Sacerdoce

   
 
   
 


(Homélie du Frère Jean-Philippe REVEL, le 18 mars 2002).

Accueil

Frères et sœurs, mardi dernier Monseigneur Louis-Marie Billé a quitté cette terre pour le Royaume de Dieu. Samedi, nous étions un certain nombre à Lyon pour participer à ses obsèques. Nous voulons aujourd'hui rassembler notre prière pour lui et avec lui auprès du Seigneur Jésus. Il a été notre archevêque, le père de tous les chrétiens de ce diocèse pendant trois ans. Il a été aussi le responsable de l'évangélisation dans ce diocèse, du ministère de l'annonce de la Parole par tous les prêtres et les diacres. Il a été aussi le père de notre fraternité monastique, notre supérieur. Pour toutes ces raisons, nous nous tournons vers le Seigneur pour Lui présenter son enfant, Louis-Marie, afin qu'il le reçoive dans sa tendresse et dans sa paix.

Homélie.

"Je sais en qui j'ai mis ma foi". Frères et sœurs, le premier mot de cette devise : "Je sais", un mot d'affirmation, de certitude, de connaissance, nous invite tout de suite à nous souvenir de cette caractéristique si évidente de la personnalité de Monseigneur Billé, cette intelligence aiguë, cette clarté de pensée et d'expression.

Combien de fois, ceux qui ont eu le privilège de travailler avec Monseigneur Billé, comme je l'ai fait moi-même pendant les trois ans de son épiscopat, au conseil épiscopal, combien de fois, ceux-là ont-ils remarqué ce don assez extraordinaire qu'il avait, après un débat plus ou moins difficile, après des discussions qui semblaient se perdre, de résumer d'un seul coup, en trois points, trois phrases d'une parfaite clarté, l'essentiel de ce qui avait été dit, ce qui méritait de rester, de demeurer après l'échange qui avait eu lieu.
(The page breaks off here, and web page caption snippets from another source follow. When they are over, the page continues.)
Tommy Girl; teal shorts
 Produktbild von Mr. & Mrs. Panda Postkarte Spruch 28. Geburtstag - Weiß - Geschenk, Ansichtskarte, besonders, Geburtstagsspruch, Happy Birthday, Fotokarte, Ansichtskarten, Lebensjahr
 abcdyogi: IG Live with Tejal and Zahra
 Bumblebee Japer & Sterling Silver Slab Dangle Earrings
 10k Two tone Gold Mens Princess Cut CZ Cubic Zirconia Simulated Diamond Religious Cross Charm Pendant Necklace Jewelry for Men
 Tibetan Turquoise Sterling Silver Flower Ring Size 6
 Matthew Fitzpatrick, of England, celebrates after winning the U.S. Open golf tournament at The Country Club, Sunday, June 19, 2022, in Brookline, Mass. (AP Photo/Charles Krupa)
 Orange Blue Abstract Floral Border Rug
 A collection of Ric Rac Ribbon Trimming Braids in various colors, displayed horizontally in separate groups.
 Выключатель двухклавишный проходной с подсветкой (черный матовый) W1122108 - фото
Une intelligence, claire, précise, lucide.

Mais bien plus que cela, je voudrais dire une intelligence fraternelle, car si vous avez eu l'occasion de parler avec lui, et ces derniers jours beaucoup ont pu en témoigner lors de conversations avec moi, vous avez certainement saisi à quel point il savait écouter.

Ecouter avec une attention profonde, avec une ouverture à la pensée de l'autre, sachant rendre intelligent celui avec qui il parlait.

Parler avec Monseigneur Billé, c'était découvrir en soi-même des pensées qu'on n'avait peut-être pas encore su trouver, et qui tout à coup entraient en vie, en mouvement.

Il était capable d'écouter ce que lui disait son interlocuteur, et de mettre en valeur ce à quoi lui-même n'avait peut-être pas encore pensé, d'accueillir la pensée de l'autre.

Oui, une intelligence fraternelle et chaleureuse.

Parler avec lui, c'était vraiment construire quelque chose et j'ai eu plusieurs fois l'occasion de me rendre compte que même sur des points, où au départ, on ne se trouvait peut-être pas entièrement d'accord, il savait entendre, et puis ruminer intérieurement un aspect qui ne lui était pas immédiatement évident, et qui cependant lui semblait apporter un élément vrai.

Une intelligence en quête de la vérité.

Une vérité qui n'était pas seulement ce qui lui plaisait, ce qu'il avait pensé tout seul, mais une vérité qu'il recherchait et qu'il découvrait et faisait vivre dans l'échange avec l'autre.
Une intelligence fraternelle, une intelligence ouverte, accueillante.

Ouverte à tous les problèmes les plus personnels, les plus humains, et aussi à tous les problèmes de la société, de l'Eglise.

Une intelligence véritablement moderne, à l'écoute des problèmes d'aujourd'hui, découvrant ce qui fait question, ce qui mérite d'être creusé, et qui appelle un regard attentif.

Si accueillant et ouvert à l'autre qu'était son esprit, Monseigneur Billé n'était pas pour autant influençable.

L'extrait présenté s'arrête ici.